Regulation of immunoreactive insulin-like growth factor binding protein-6 in normal and transformed human fibroblasts.

Insulin-like growth factor-binding proteins (IGFBPs) have been shown to both potentiate and inhibit IGF bioactivity in vitro; thus, changes to the type or amount of IGFBPs present in the cellular environment will ultimately affect insulin-like growth factor action. In this study, we have investigated the production of immunoreactive IGFBP-6 by normal human fibroblasts (NHF) and an SV-40-transformed human fibroblast line (AG2804). When analyzed by SDS-polyacrylamide gel electrophoresis and immunoblotting, IGFBP-6 appeared as a doublet of 32-34-kDa in conditioned medium of both cell lines, with the lower molecular mass band predominating in the NHF cell line. Measured by a specific radioimmunoassay, serum-free NHF, and AG2804 cultures secreted IGFBP-6 at 1.44 +/- 0.09 and 1.23 +/- 0.08 ng/10(4) cells (mean +/- S.E.), respectively.

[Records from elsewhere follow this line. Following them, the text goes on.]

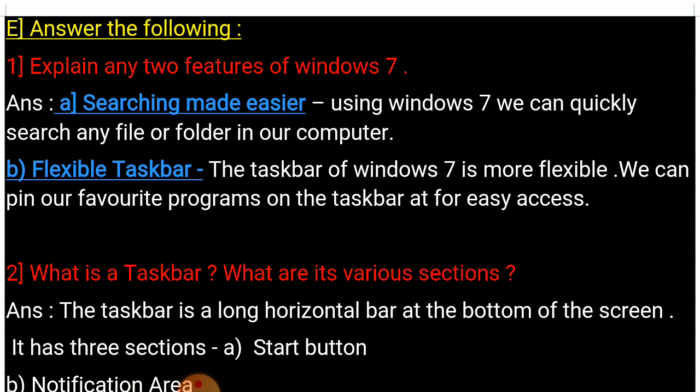There are many features in your book but in this answer we will discuss only two. A: Searching made easier — using Windows 7 we can quickly search any file or folder in our computer. B: Flexible taskbar — the taskbar of Windows 7 is more flexible.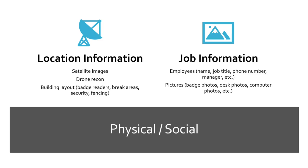Are there badge readers? Are there break areas? Does security exist? Do they have somebody posted up front? Can you just walk right in the door? What does their fencing look like? Are there areas where they're just leaving the doors propped open? Where do people go out and smoke in these break areas? Because those are a good place to just walk up to somebody, light up a cigarette even if you don't smoke, and just start a conversation and then tailgate right in with them into the building.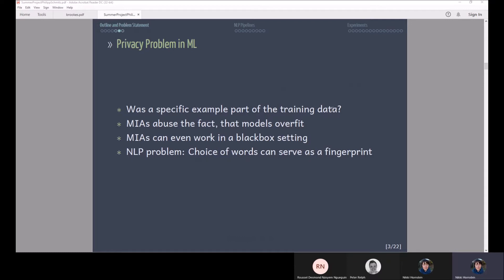So one attack how you can actually find out whether a training sample was part of training or not is called membership inference attack or short MIA and they were introduced in 2017 by Shokri et al. They basically abused the fact that models overfit.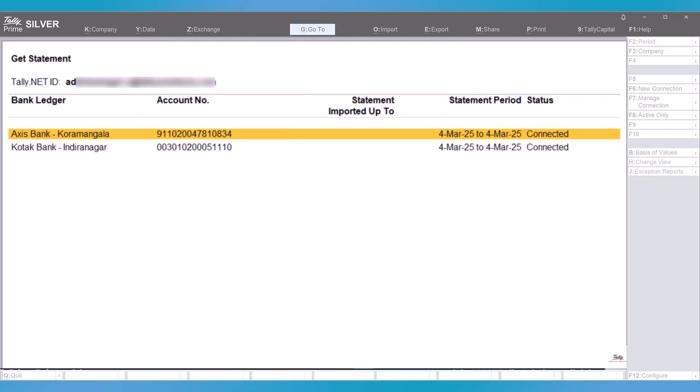Once you are connected, you can get the balance instantaneously from within Tally. You can also get bank statements and perform other connected banking activities.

Despite a relatively weak IGFBP-6 signal by ligand blot compared with IGFBP-3, the two proteins were secreted in similar molar concentrations by NHF. Retinoic acid increased IGFBP-6 by 3-fold in NHF and AG2804-conditioned media, maximal at approximately 100 nM retinoic acid. In contrast, IGFBP-6 production was inhibited by transforming growth factor-beta 1 and agents that increase intracellular cAMP concentrations, including dibutyryl cAMP, forskolin, isobutylmethylxanthine, and cholera toxin. This study indicates that IGFBP-6 has a pattern of regulation unique among the IGFBPs, supporting the concept of specific roles for each binding protein in regulating cell growth and metabolism.